— Instructions for the task —
Working from the start of the listing, please write out exactly the lines through the one that holds "Nicholasrodrii online show", both included, and omit all pictures.

— The records —
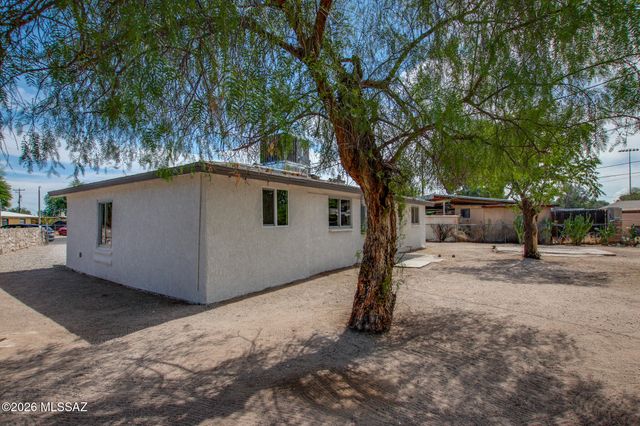 743 W Milton Street, Tucson, AZ 85706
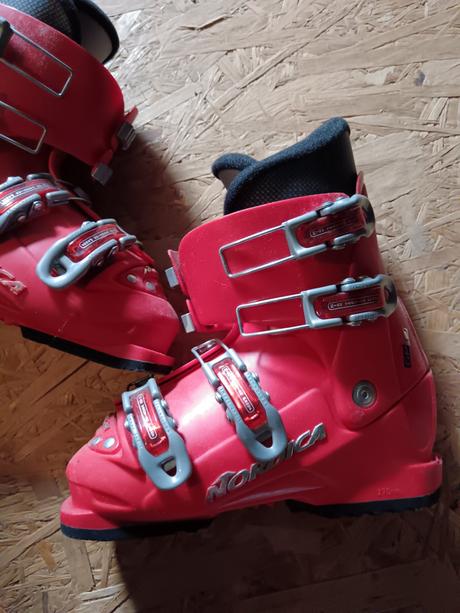 Lyžiarky, rossignol,37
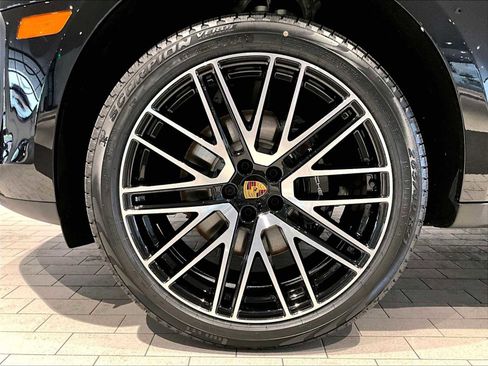 New 2026 Porsche Macan S image 11
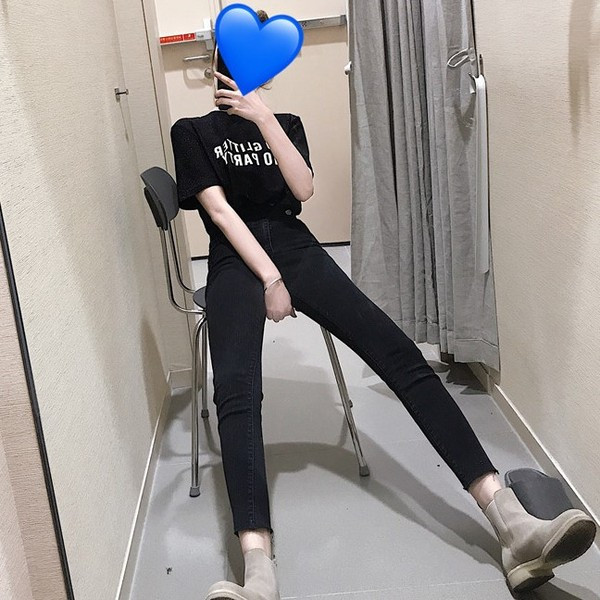 Női testreszabott farmer aszimmetrikus rögzítéssel, kék és fekete színben, 9/10 hosszban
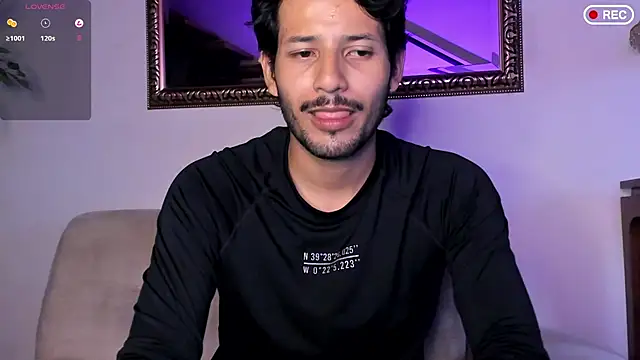 Nicholasrodrii online show from 12/14/25, 10:48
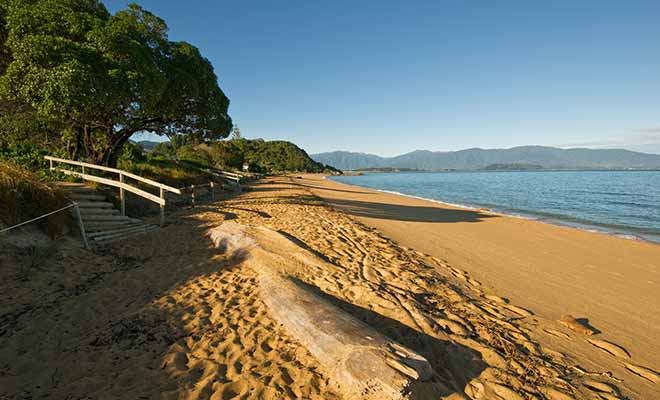 Tata Beach est la plage la plus populaire de Golden Bay, mais elle est déserte en basse saison.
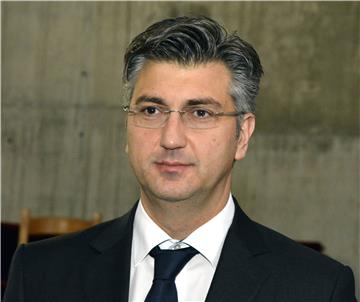 Premijer Plenković posjetio Franjevački samostan sv. Petra i Pavla u Mostaru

— Written response —
 743 W Milton Street, Tucson, AZ 85706
 Lyžiarky, rossignol,37
 New 2026 Porsche Macan S image 11
 Női testreszabott farmer aszimmetrikus rögzítéssel, kék és fekete színben, 9/10 hosszban
 Nicholasrodrii online show from 12/14/25, 10:48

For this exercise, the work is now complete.